Wajah Chloe memerah. Dia memegang wajahnya yang memerah dengan kedua tangan dan menggelengkan kepalanya untuk membersihkannya.

“Tapi, geom-ma, kamu sudah kuat…”

“aku ingin belajar menangani senjata baru. aku pikir aku harus terbiasa dengan berbagai jenis senjata untuk ujian yang akan datang. aku melihat kamu memiliki katana di kamar kamu, jadi … apakah kamu menggunakan pedang? "

“… Itu luar biasa.”

"Apa?"

“Oh, tidak ada!”

Chloe melambaikan tangannya dengan penuh semangat, dengan cepat menyangkalnya, dan setelah mengambil napas dalam -dalam, dia mengangguk diam -diam.

“Apakah benar -benar baik -baik saja jika itu aku?”

“Itu kamu aku bertanya. Jika terlalu banyak, kamu bisa mengatakan tidak; tidak merasa tertekan. "

Chloe mengangguk dengan penuh semangat, menyetujui bantuan aku.

Sebagai alasan untuk menghindari makan malam bersama, itu tidak buruk.

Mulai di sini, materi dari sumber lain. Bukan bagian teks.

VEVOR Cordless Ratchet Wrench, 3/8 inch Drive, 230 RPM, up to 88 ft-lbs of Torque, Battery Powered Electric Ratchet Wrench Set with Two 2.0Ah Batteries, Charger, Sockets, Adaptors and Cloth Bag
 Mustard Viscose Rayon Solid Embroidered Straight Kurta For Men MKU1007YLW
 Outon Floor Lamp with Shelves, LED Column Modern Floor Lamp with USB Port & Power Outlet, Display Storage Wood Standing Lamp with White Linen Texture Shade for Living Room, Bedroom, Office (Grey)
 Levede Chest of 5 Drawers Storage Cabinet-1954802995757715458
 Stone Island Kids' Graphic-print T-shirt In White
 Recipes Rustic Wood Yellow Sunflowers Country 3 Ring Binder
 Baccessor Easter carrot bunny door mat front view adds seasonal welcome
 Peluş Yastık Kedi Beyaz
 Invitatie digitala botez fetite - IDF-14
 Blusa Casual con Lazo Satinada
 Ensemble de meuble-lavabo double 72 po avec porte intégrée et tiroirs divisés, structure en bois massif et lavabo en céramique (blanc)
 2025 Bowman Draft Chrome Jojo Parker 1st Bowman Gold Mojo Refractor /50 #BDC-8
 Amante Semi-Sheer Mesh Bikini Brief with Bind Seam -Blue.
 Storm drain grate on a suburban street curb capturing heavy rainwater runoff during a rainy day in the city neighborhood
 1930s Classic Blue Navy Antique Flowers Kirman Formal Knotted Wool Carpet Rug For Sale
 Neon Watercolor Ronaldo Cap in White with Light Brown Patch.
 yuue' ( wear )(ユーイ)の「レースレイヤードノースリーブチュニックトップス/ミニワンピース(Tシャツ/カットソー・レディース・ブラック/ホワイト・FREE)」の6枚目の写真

Selain itu, aku benar -benar membutuhkan instruktur pedang, dan dia cukup kuat untuk mendapatkan rasa hormat aku. Hanya memikirkannya membuatku merinding.

Jadi, Chloe dan aku setuju untuk bertemu di ruang pelatihan pukul 8 malam, setelah makan malam.

"Sepertinya semuanya berhasil."

Aku melambaikan tangan padanya ketika aku menghela nafas lega.